Confira a entrevista:

No caso do Brasil, no que esta crise difere da de 2008 que superamos rapidamente? Dá para usar a mesma receita de então?

É muito difícil (suspira). Primeiro, pela natureza arrastada, enrustida desse longo crepúsculo. Você fica a tomar medidas pontuais. Tenta mitigar a questão do câmbio para evitar a concorrência predatória das importações. Mas tem efeito limitado. Você aperta os controles aqui, mas o dólar está derretendo lá fora. Está derretendo sob o peso da recessão e do imobilismo político de quem deveria tomar as rédeas da situação. O Brasil não tem como impedir que o dólar derreta no sistema financeiro mundial.

Isso foi diferente em 2008…

Em 2008 nós tivemos um efeito oposto; capitais em fuga migraram de várias partes do mundo, de filiais de bancos e multinacionais, para socorrer a quebra das matrizes na Europa e nos EUA. Então o que houve ali foi uma desvalorização cambial; o real ficou mais fraco. Isso facilitou as coisas pelo lado das exportações e da contenção de importações, ainda que quase tenha levado à breca aqueles que especulavam contra a moeda brasileira, fazendo hedge fictício para ganhar na desvalorização. Mas do ponto de vista macroeconômico foi um quadro mais favorável. Hoje é o inverso.

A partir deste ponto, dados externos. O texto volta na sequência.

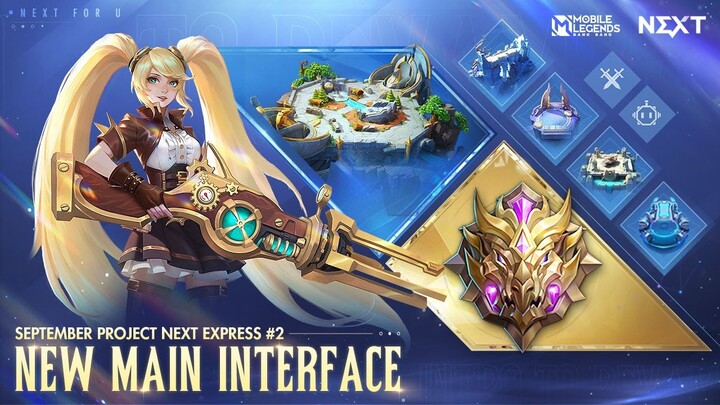 September Project NEXT Express #2 | New Main Interface | Mobile Legends: Bang Bang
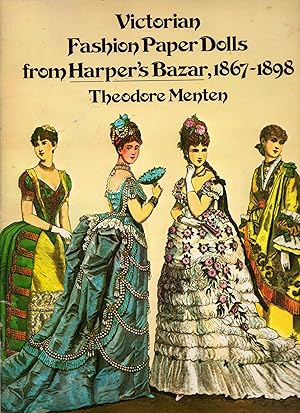 Imagen del vendedor de Victorian Fashion Paper Dolls from Harper's Bazar, 1867-1898 a la venta por Book Booth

As reservas atuais, da ordem de US$ 340 bilhões, são um alento?

Também há diferenças desfavoráveis nas contas externas. As reservas hoje são basicamente formadas pela conta de capitais; não tanto pelo superávit comercial, como era então. Significa que hoje são a contrapartida de algo fluido, capitais que não sabemos exatamente se representam investimento produtivo, de mais longo curso, ou especulação capaz de escapar abruptamente. Sobretudo, tenho receio porque uma parte considerável desse ingresso é dívida privada. Com a anomalia dos juros, os maiores do mundo – a nossa herança maldita – e a oferta barata e abundante de dinheiro lá fora, nossas empresas se endividaram a rodo. Se houver uma reversão do ciclo, se o dólar se valorizar, o descasamento entre um passivo em dólar e receitas em reais, no caso de quem não exporta, ou exporta pouco, será traumático. Essa contabilidade hoje por certo é mais grave do que o passivo em hedge que quase quebrou grandes grupos brasileiros em 2008.

Então a margem de manobra do governo Dilma é menor?

Estávamos melhor antes. E muito do que fizemos então não dá para fazer agora…

Mas o governo pode…

O governo Dilma poderá agir de forma distinta e contundente se a crise virar o Rubicão; aí tudo é lícito e possível.

Por exemplo?

Por exemplo centralizar o câmbio; controlar importações, remessas, etc.

E enquanto isso não ocorre?

Mas enquanto se arrasta assim, uma crise enrustida, que vai minando, desagregando, sem ser confrontada, fica difícil. Você toma medidas pontuais que se dissolvem.

Há uma superposição de colapso do neoliberalismo com esfarelamento político que realimenta e reproduz o processo?

Veja, é um colapso empírico da agenda do neoliberalismo. Avulta que a coisa é um desastre e os meus colegas economistas dessa cepa, espero, devem estar conscientes disso. Mas que poder têm os economistas? Nenhum. O poder que conta está nas em outras mãos, a dos responsáveis pela crise. Vivemos um colapso neoliberal sob o tacão dos ultraneoliberais. Não estamos falando de gente normal, é preciso entender isso. Não são neoliberais comuns. Meu Deus, o que é isso que estão fazendo nos EUA? É a treva! Vivemos um colapso do neoliberalismo sob o tacão dos ultraneoliberais: isso é a treva! E ela se espalha desagregando, corroendo.

Devemos nos preparar para uma crise longa?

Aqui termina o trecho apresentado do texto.